Restaurant Rainstorm
Rain begins to patter on the metal roof. We’re relaxed across a bed-like eating area, shoes off, the hammered metal tureens and empty platters of another finished feast strewn across the low table.
“Maybe,” I murmur to Eileen, eyes on the gathering clouds, “we should stay for chai and ice cream.”
We are the only people in this restaurant. We finally let go of our stubborn refusal to let tuk tuk drivers be guides for the day instead of just one-off rides, and have been well rewarded for it: a visit to a fine tailor with excellent prices for last-minute wedding clothes, this restaurant with a view over the whole city, a whole day not having to find and bargain over tuk tuk rides.
Andre has found dress shoes and lovely shirts; Eileen is having a kurta made from fabric she likes.
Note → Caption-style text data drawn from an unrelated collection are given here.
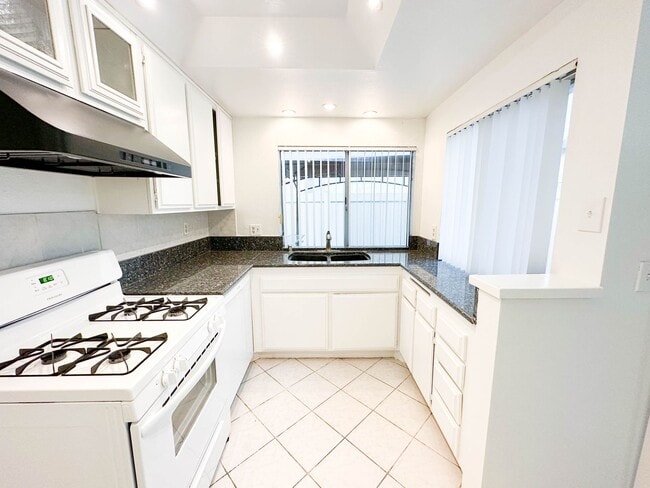 Building Photo - Townhome AVAILABLE NOW in Colton. 2 Bed / 2 Bath Floorplan  + Garage!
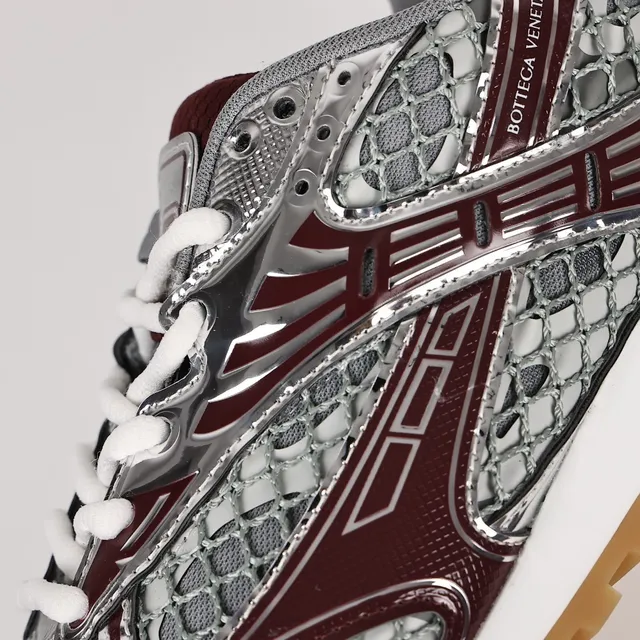 Bottega Veneta Runner sneakers lifestyle cuir patent bordeaux et maille argentée 6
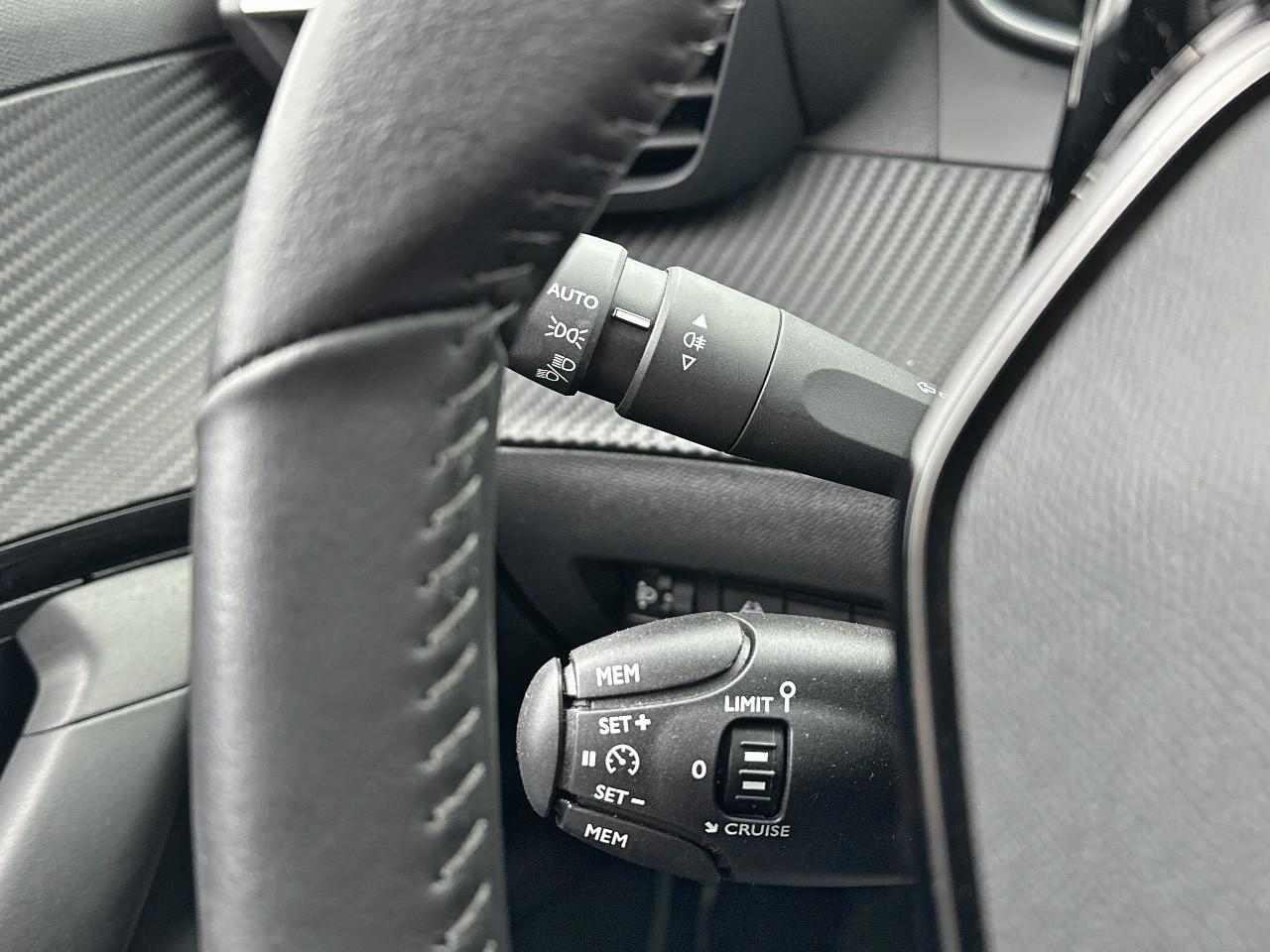 Peugeot 2008 puretech 100 s&s bvm6 active — photo 19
It all feels very luxe, but for the cost, this kind of service feels sensible.
The rain is really starting to sheet down now. There are about a dozen waiters, all young men, and they’re all up here in the roofed, open terrace. They start to roll down some reed-and-cloth blinds — timely; the wind is coming up and beginning to throw raindrops in over the balcony.
Water puddles on the floor, begins to creep through the forest of chair legs. Pillows are gathered away. Ice cream and tea are brought, and we sit relaxed, mostly ignored, waiting out the rain.
When it clears, I venture in my sandals out from under the roof. The water level reaches up my feet, but the drizzle only mists across my shoulders.
After the rain, the air is fresher, easier to breathe, clearer. All Udaipur is laid out around us, lake-studded, quiet from here.